REQUIRED WORK >> Set down a faithful copy of every record, and skip the pictures in it.

---------- RECORDS SUPPLIED ----------

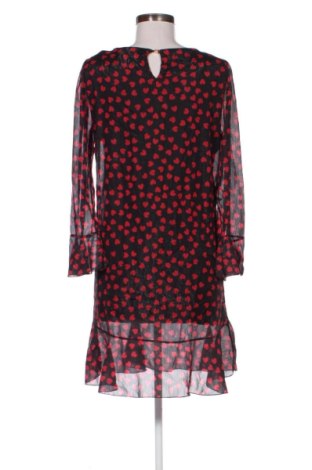 Rochie Floria, Mărime L, Culoare Multicolor, Preț 649,99 Lei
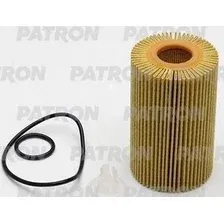 Масляный фильтр Patron PF4279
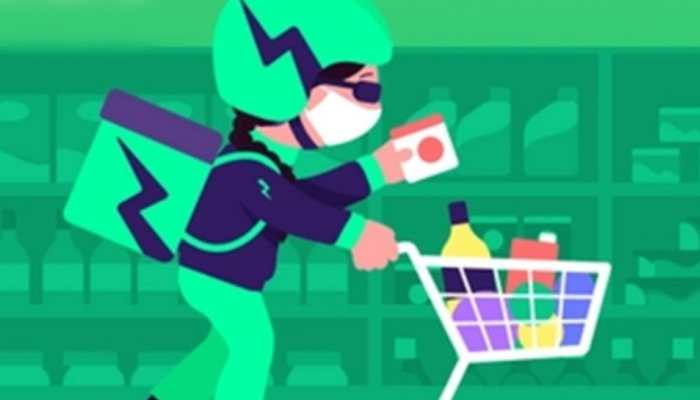 Traders Launch Fresh Salvo Against E-commerce Firms After FATF Report Traders Launch Fresh Salvo Against E-commerce Firms After FATF Report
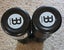 Meinl Artist Series Luis Conte Double Live Shaker - SH4BK Carousel 3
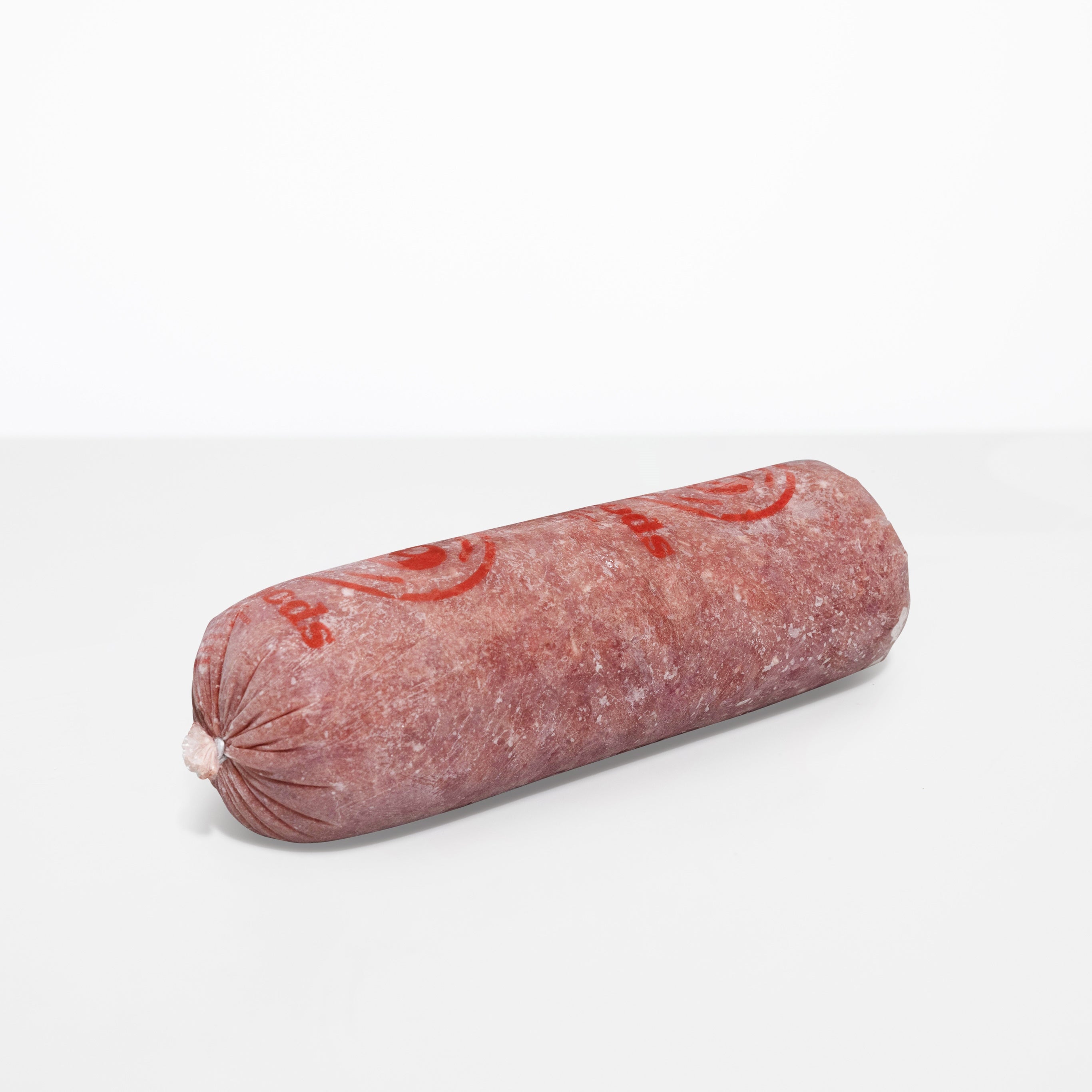 Single Roll Chicken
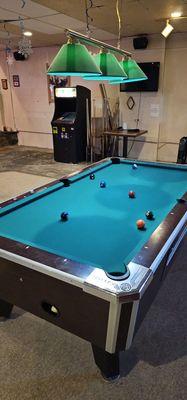 Loyal Order of Moose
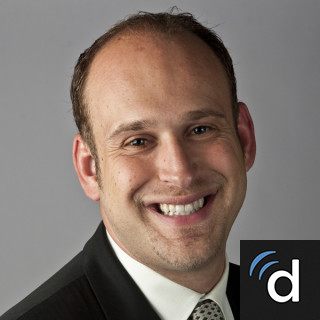 Dr. Thomas G. Lang, Obstetrician-Gynecologist in Boynton ...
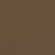 Brown Brooklyn Design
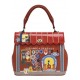 Vendula London Ceramica Vendula Grace Bag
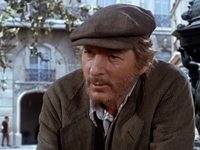    (1969)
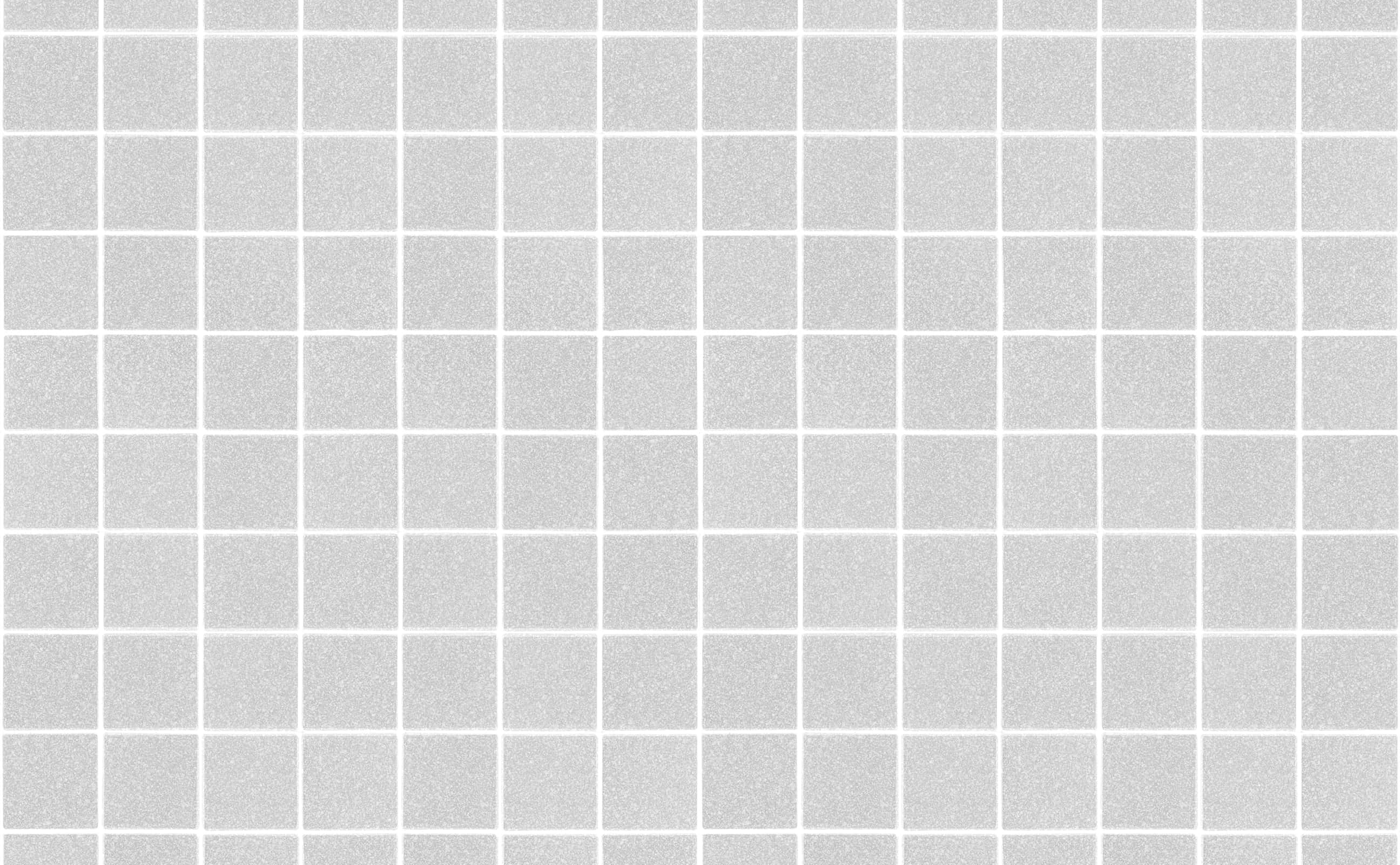 grey wallpaper pattern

----------

ANSWER SPACE >>
 Rochie Floria, Mărime L, Culoare Multicolor, Preț 649,99 Lei
 Масляный фильтр Patron PF4279
 Traders Launch Fresh Salvo Against E-commerce Firms After FATF Report Traders Launch Fresh Salvo Against E-commerce Firms After FATF Report
 Meinl Artist Series Luis Conte Double Live Shaker - SH4BK Carousel 3
 Single Roll Chicken
 Loyal Order of Moose
 Dr. Thomas G. Lang, Obstetrician-Gynecologist in Boynton ...
 Brown Brooklyn Design
 Vendula London Ceramica Vendula Grace Bag
    (1969)
 grey wallpaper pattern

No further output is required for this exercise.